The reading of Frankenstein turned out to
be one of my favorite experiences this summer. The romantic novel, authored by
Mary Shelley, was a representation of Shelley's critique of her society's views
and discrimination. Her critique of society also involves the idea of
technology and knowledge being destructive.
In Frankenstein Shelly portrays Victor as the
representation of the pursuit of knowledge and the destructive powers that it
has. The struggle that Victor Frankenstein faces is one of divine proportions
as he is a figure of intervention, analogous to that of Prometheus. His divine
intervention is a self-destructive event which brings down the fabric of
Victor's life and negatively affects society, regardless of the intent. Shelley's
focus on the effects of destructive knowledge, her emphasis on natural events
such as the climate, shows that she is ultimately critical of the unnatural
intervention that modern scientists wish to achieve. Her opinion is not a
rejection of these scientific advancements but more of a warning to people and
society about the potential destructiveness of these advancements and what is
characterized as unnatural science. While Frankenstein’s narrative is one of
self-reflexivity, he still maintains his beliefs that the monster must be
destroyed, thus proving that he didn’t learn anything. This specific event was
Shelley’s most explicit example of scientists and the role unnatural science
plays in individual ethical developments. Shelley speaks through Victor in the
end of the book when Victor warns about becoming obsessed and the unhealthy
role that his experiments ay in his societal development and the development of
relationships in his life. Ultimately Victor reverts back to the destructive
ways he had accustomed to as he still warns Walton and prompts Walton to kill
the creature if given the chance to do so. This highlights Shelley’s harsh
comments on the abdication of moral responsibility and the negative effects
that intervention, and ultimately one’s ego, have one’s character development,
in this instance it is Victor, but this is a much larger social critique that
Shelley has surrounding these developments.
Shelley’s second
and more significant societal criticism in the novel is that of discrimination
and unjust societal judgment.
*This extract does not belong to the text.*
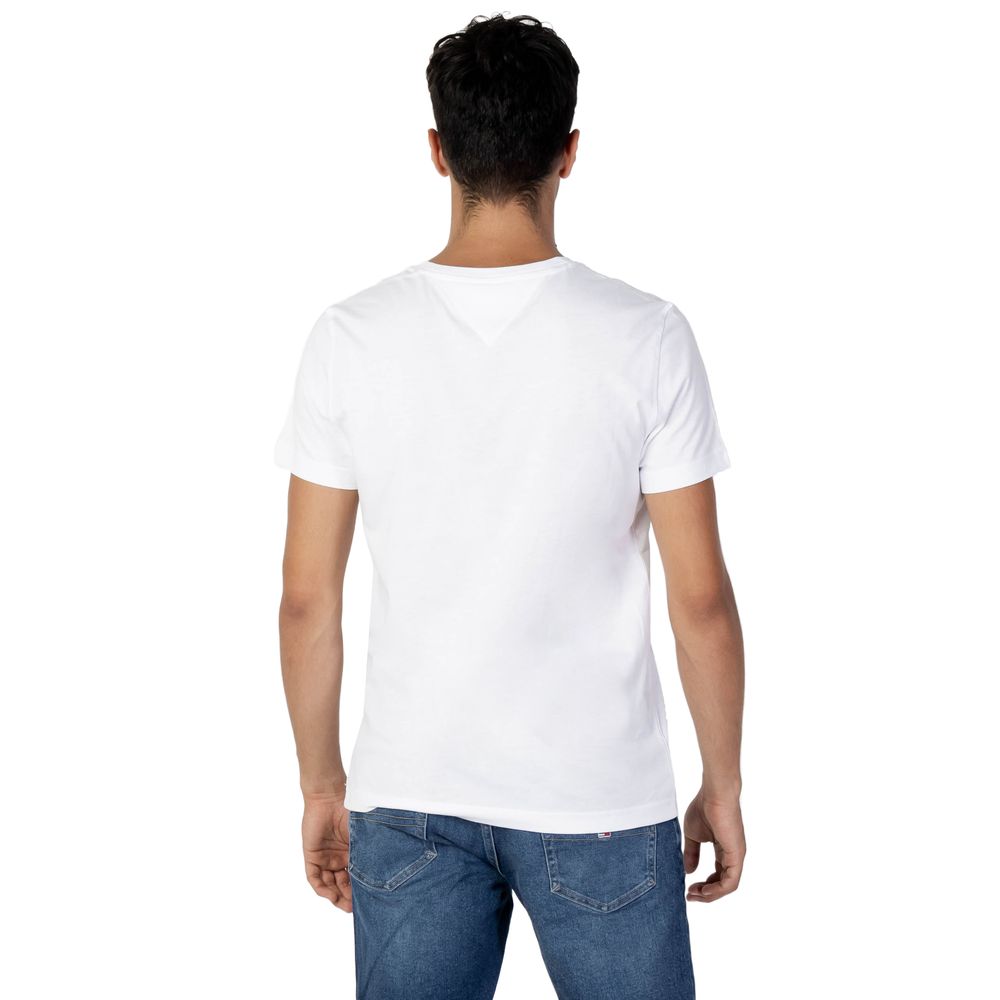 Tommy Hilfiger Jeans T-shirt in cotone bianco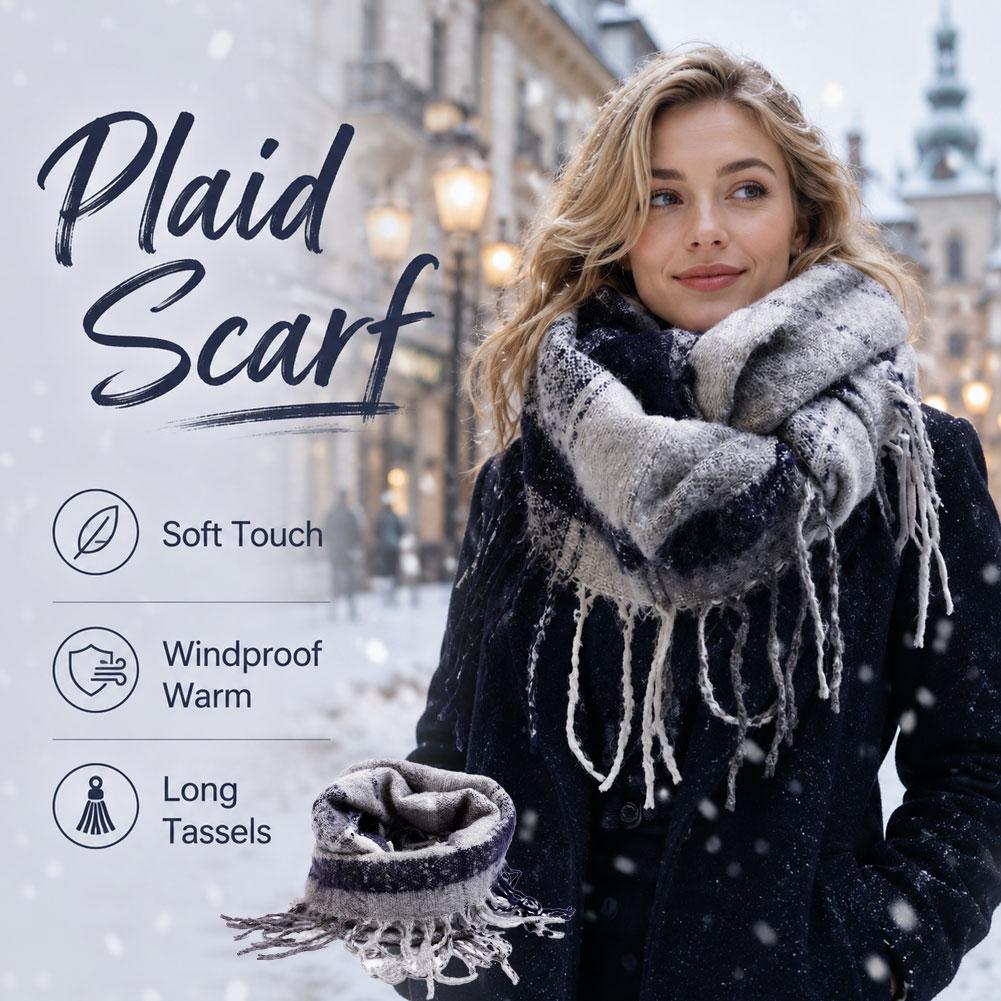 Thickened Scarf Soft Tassel Sh - Pashmina Wrap Large ulasan dan harga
Her portrayal of the monster not as the
victimizer, but as the victim thus paints society as the victimizer and shifts
the blame from the monster to the actions of society. Portraying the monster as
the protagonist and the society he was placed in as the antagonist, and
ultimately the villain, allows Shelley to remain critical of the practices of
the current society she was in. This still holds true today, as the monster
would experience the same segregation and discrimination he faced in the novel,
this necessarily societies fault, and there has been little indication of a
social change since Shelley’s writing of the novel. This largely holds true due
to the fact, that discrimination of the other is inevitable due to human psychology
and basic human nature, which is why Shelley is not only critical of society
but also of the unjust human nature within oneself.